Теперь, прежде чем приступить к обратному переводу на арамейский, необходимо обратить внимание на следующую проблему. Дело в том, что за понятием «арамейский язык» скрывается множество разновидностей диалектов и говоров. Во-первых, арамейский язык различается по историческим периодам, и нас в данном случае должен интересовать т. н. среднеарамейский период. Во-вторых, арамейский и еврейский языки в течение долгого времени существовали вместе и, естественно, влияли друг на друга, и в связи с этим принято выделять иудео-арамейский диалект в качестве особого варианта арамейского языка. В-третьих, и сам иудео-арамейский диалект неоднороден: в нем выделяются более древние тексты (арамейские части книг Ездры и Даниила) и относительно молодые (Таргумы, Талмуд, постталмудическая литература). В-четвертых, различные диалекты арамейского языка разделяются на две большие группы: западноарамейский (Палестина и Дамаск) и восточноарамейский (центральная Сирия и Вавилон). Наибольшее количество письменных памятников обоих диалектов сохранилось в еврейских источниках, а именно в Таргумах и Талмудах, причем Иерусалимский Талмуд отражает западный диалект, а Вавилонский — восточный. А значит, в процессе обратного перевода мы должны точно определиться, какому источнику в качестве образцового мы отдадим предпочтение. Это необходимо уже хотя бы для того, чтобы определиться с эмфатическим состоянием тех или иных арамейских слов. Действительно, какому варианту отдать предпочтение — דן (דין) или эмфатическому דנה (דנא), לן или эмфатическому לנא? Аргумент к историческому периоду, что, дескать, постепенно эмфатическое состояние вытеснило абсолютное и в более позднем языке стало единственно возможным несопряженным состоянием, не всегда верен, ибо уже сравнение Книги Даниила с Иерусалимским Талмудом дает веский довод в этом усомниться.
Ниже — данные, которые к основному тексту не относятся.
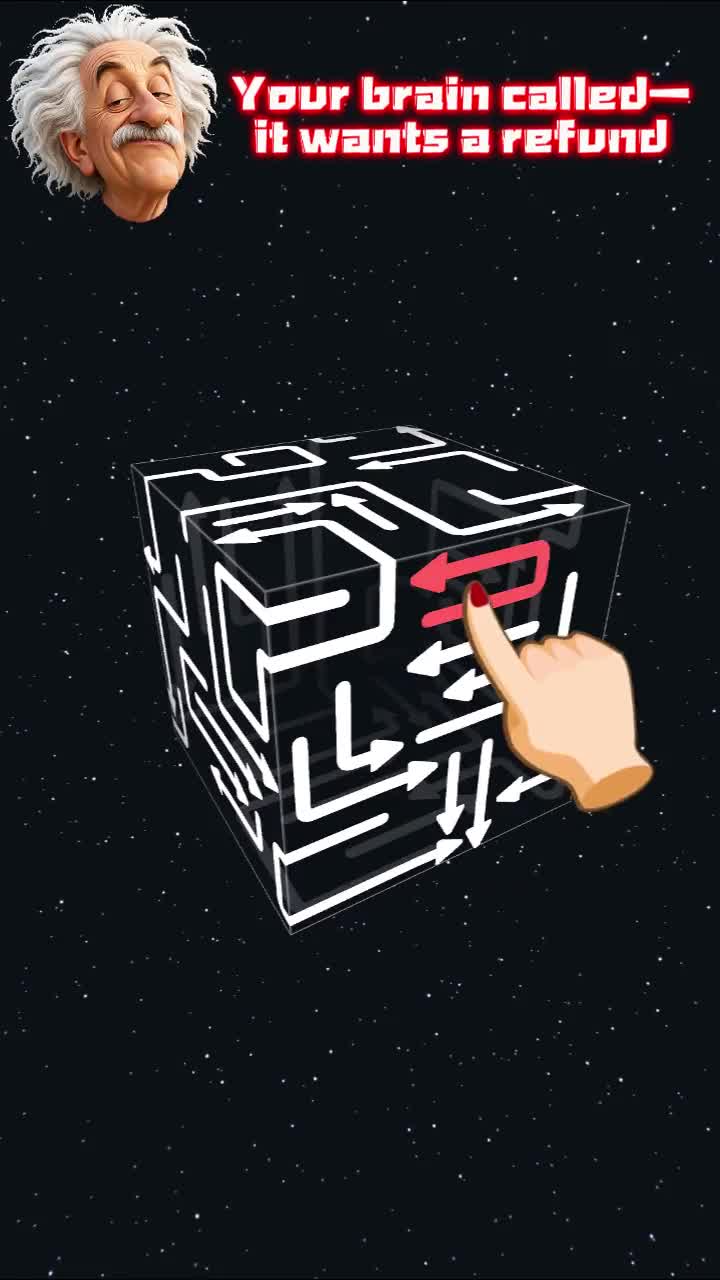 Amaze Rush 3D 广告创意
Я не думаю, что эта проблема на сегодняшний день как-то определенно решена, а потому в дальнейшем приведу оба альтернативных варианта перевода.
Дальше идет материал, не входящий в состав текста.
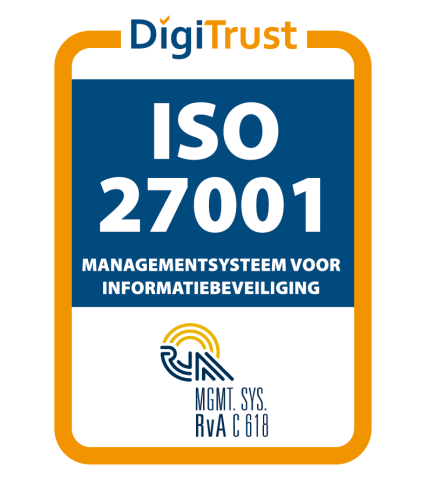 logo ISO 27001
Следует также обратить внимание на следующий аспект. Иногда в литературе встречается утверждение, что перевод молитвы «Отче наш» с греческого на арамейский давным-давно сделан и представлен в сирийских переводах — в частности, в Пешитте. Данная точка зрения распространилась, вероятно, под влиянием Церкви Востока (Church of the East), для которой Пешитта представляет собой канонический текст. Это мнение ошибочно. Если и считать сирийский язык Пешитты арамейским, то для отождествления этого языка с языком, на котором говорил Иисус, нет оснований ни с точки зрения времени, ни с точки зрения географии. Конечно, эти семитские диалекты близки друг другу, но не тождественны. Причем если и соотносить диалекты сирийских переводов с диалектом галилеян I века, то предпочтение нужно отдать не Пешитте (V в.) и даже не древним сирийским версиям Sinaitic и Curetonian (обе IV в.), а версии Palestinian Syriac (VI в.).[766]